Many products today are filled with chemicals that we do not really want to ingest. The names of the chemicals do not really tell us much, since we aren’t much chemists. Sodium Chloride might sound horrible, but that’s acutally salt. Similarly, polyglycerol polyricinoleate sounds more like something Captain Kirk would say, if the script wirters would be able to pronounce such words. But again, this chemical is harmless, made out of soy beans, and usually used to reduce viscosity of the chocolate.
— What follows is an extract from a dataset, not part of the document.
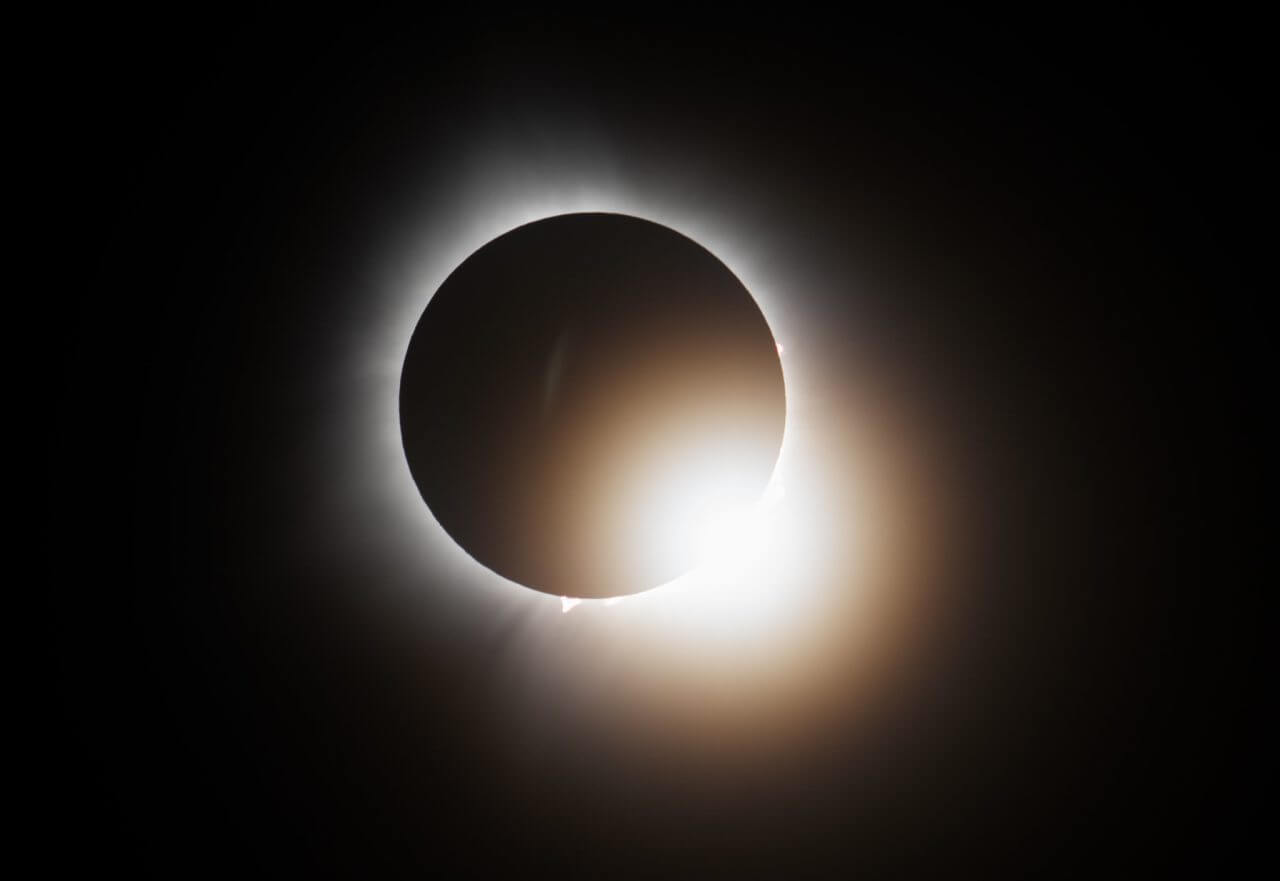 【▲ 米国インディアナ州インディアナポリスで現地時間2024年4月8日に撮影された皆既日食の様子。いわゆるダイヤモンドリングの瞬間が捉えられている（Credit: NASA/Joel Kowsky）】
To battle this chemical illiteracy that most of us suffer from, European Union came up with the E numbers. These chemicals have been assessed for use within European Union by the European Food Safety Authority. Most of food additives have the E number code. That means that anyone may read the product label, get the E number codes and look them up in the database. Of course, no one says what or where the database is. And most people aren’t capable of doing any searching of this calibre at all. We have all the data. What we need is simplicity and convenience.
This what is needed in a nutshell:
- User walks in to the store and sees a product
- User takes out the mobile phone and opens up E-Food app
- User points the phone to the product
- Application returns all the food additives and chemicals that have been used when making this particular product, and sorts them based on the harm score.
- User can sort the returned food additives, read them, submit bug, or write a quick review of the product, updating the price in the process.
- Application will suggest similar products that contain less harmful chemicals (this is how the application will generate revenue).
The best and most certain way to realize this kind of application, is to do an OCR of the product picture, and find out the ingredients from the database. There are two major problems with this approach though:
- Most people will not think about taking picture of the small-print. People will tak a picture of either the front of the product, or the nutrition content table. Both of which are useless for the OCR.
- Small-print on the product may be too small for the phone camera
Therefore we need a more universal approach that will be able to deal with most of the situations. Sure, the best way would be to implement a photo recognition system, and match the product to the picture. But seeing how even Google is not able to implement that, I wouldn’t overcomplicate the idea when its still in infancy stage.
Here is how the logic could work:
- User would have to take the picture of barcode. Luckily, most products have that, and most prople know what it is.
- Barcode would be transmitted to the backend.
- Backend will identify product in the database using bar code information.
- If the product cannot be identified from barcode, it will be stored in the unrecognized table.
- Unrecognized table should be periodically taken care of.
- If the product recognized
- Get the data from the database
- Calculate the total harm score based on
- the most harmful additive score
- the sum of all additive scores above 0.
- Push the data to the user
- If the product NOT recognized
- Store the barcode information in the unrecognized table
- Unrecognized table will be periodically take care of, by automating a crawler
- Users can add custom information to the unrecognized products
- Registered user can add information to any product
High level diagram
There will be two databases.
- First database will index all known food additives, their full name (later will be used to translate to multiple languages), E-number, harm score, and other facts. This database will have all the known chemicals that might appear in the food. Weekly updates will make sure the database will always stay up to date. Primary sources will be the European Food Safety Authority and other trusted sources, like Emulgatory.cz
- Second database will index all the know products. Mandatory fields will include Brand, Name, Barcode and Food Additives. Optional parameters will include price, locations where people request the info from, and pictures. This database will be continuously updated based on the new information. Crawler will take care of getting new information from the internet or the manufacturer’s web site.
Since every E number is issued and documented by the EU, crawler needs to continuously update this information. Crawler also needs to find the product information and update it based on the source time stamp and source trustworthiness.
Advanced OCR and image recognition functions
With an evolution of the application, recognition will play an increasingly larger role. Wiki-style information population has enormous potential, but has very steep curves since a large user base is needed to acquire a critical mass, where enough users will contribute content for the whole system to function. Most of the users are readers, and that is why it is crucial to start with pre-populated information base. But as time progresses, OCR and image recognition will become needed in order to sustain application success. OCR would look for E numbers and chemical names in the pictures of products. Image recognition will try to identify the product, supplementing barcode function with an even simpler approach.